Post
Topic
Board Mining speculation
Re: Bitcoin difficulty is slowing down?
by
CobaltBlueD
on 27/11/2013, 16:35:04 UTC
On the efficiency aspect it is nothing compared to the prior difficulty increases.

A GPU is something like 300 J/GH.  The "worst" ASIC is ~8 J/GH so you are talking almost a 40,000% improvement.   Various different smaller process node designs dropped from the 8 J/GH to 5 J/GH to ~0.8 J/GH (Bitfury - reference clock)).

On paper we have the rest of the 28nm players showing ~0.8 J/GH and KNC estimating ~0.7 J/GH.   Seeing a trend.  Overnight we went from 300 J/GH to 8 J/GH and then over the next six months saw that fall by a factor of 10 to ~0.8 J/GH.   That "might" go down to a staggering 0.7 J/GH by next Spring.

Quote
My point is that the hashrate will continue going up exponentially for an unexpectedly long amount of time.

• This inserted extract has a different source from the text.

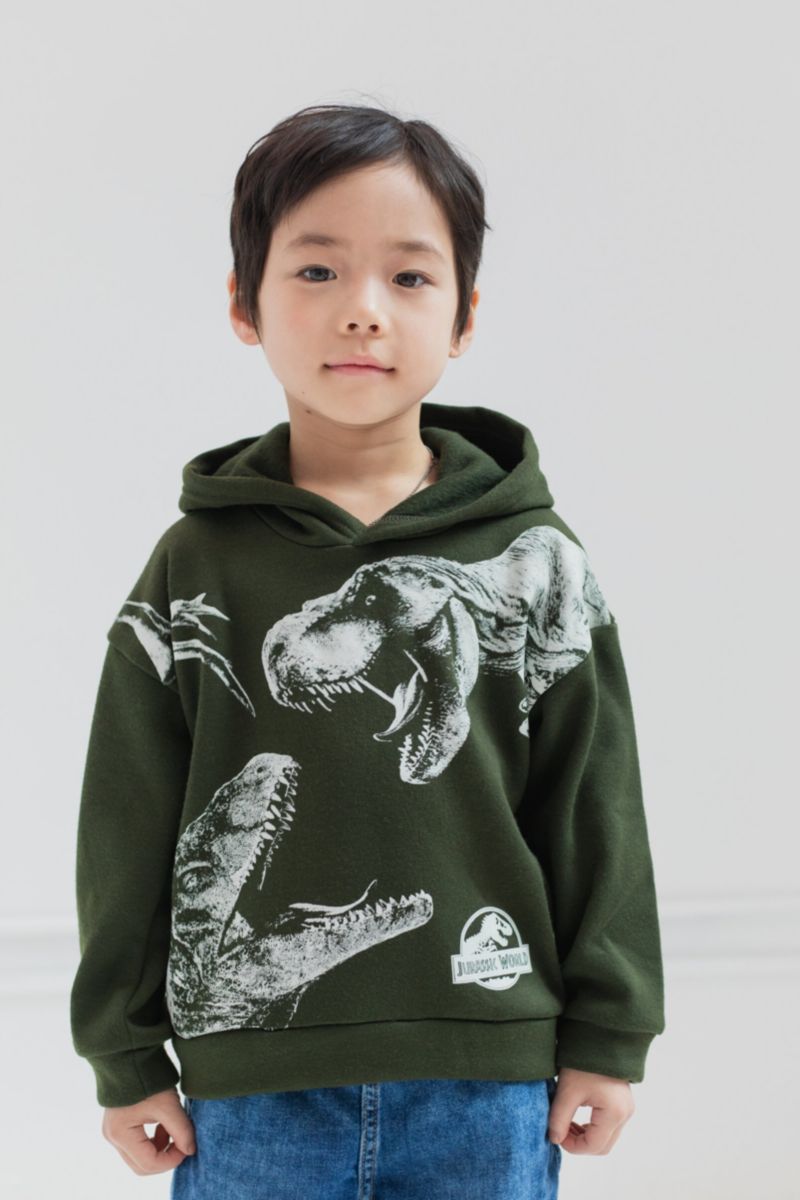 Boys' Fleece Hoodie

Who is going to buy all that hashrate increases. $3 per GH works out to $3M per PH.   So to double the network again in a month would "only" require $15M in sales.  Ok no problem there.  To double it again would require another $30M in sales the following month, $60M the next month, $120M the monh after that, a quarter billion the month after that ...

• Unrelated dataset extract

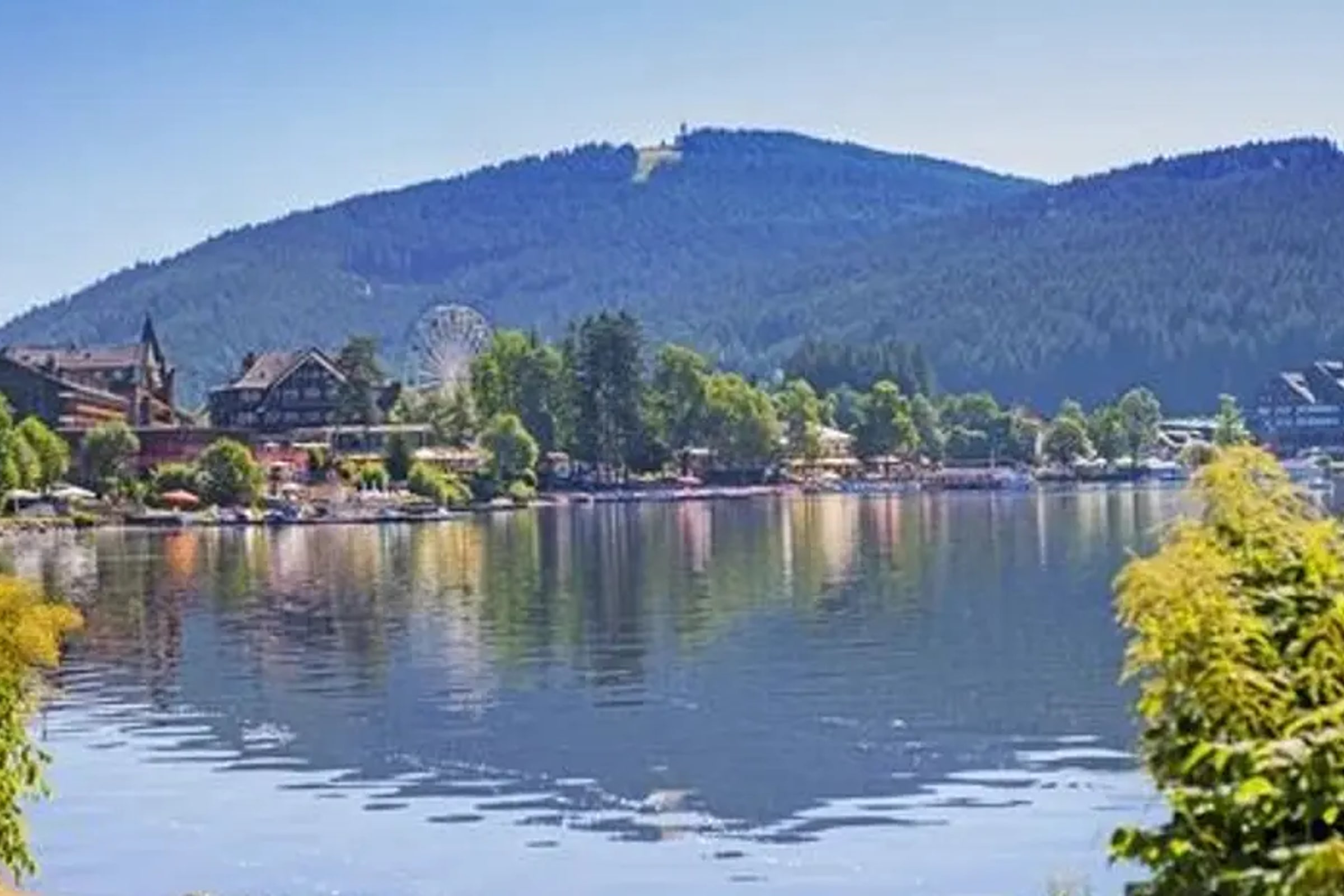 Black Forest and Rhine Falls Day Trip from Zurich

Will difficulty keep going up?  Oh HELL YEAH!  Is it possible from either a cashflow or energy standpoint to double continually every month for years?  No.



No argument the rate of increase is unsustainable.  Of course, $/GHs and J/GH will decrease. I haven't run the numbers but going back to CPU/GPU days it's pretty obvious that constant investment will still result in significant increase in difficulty. Mining ROI is painful.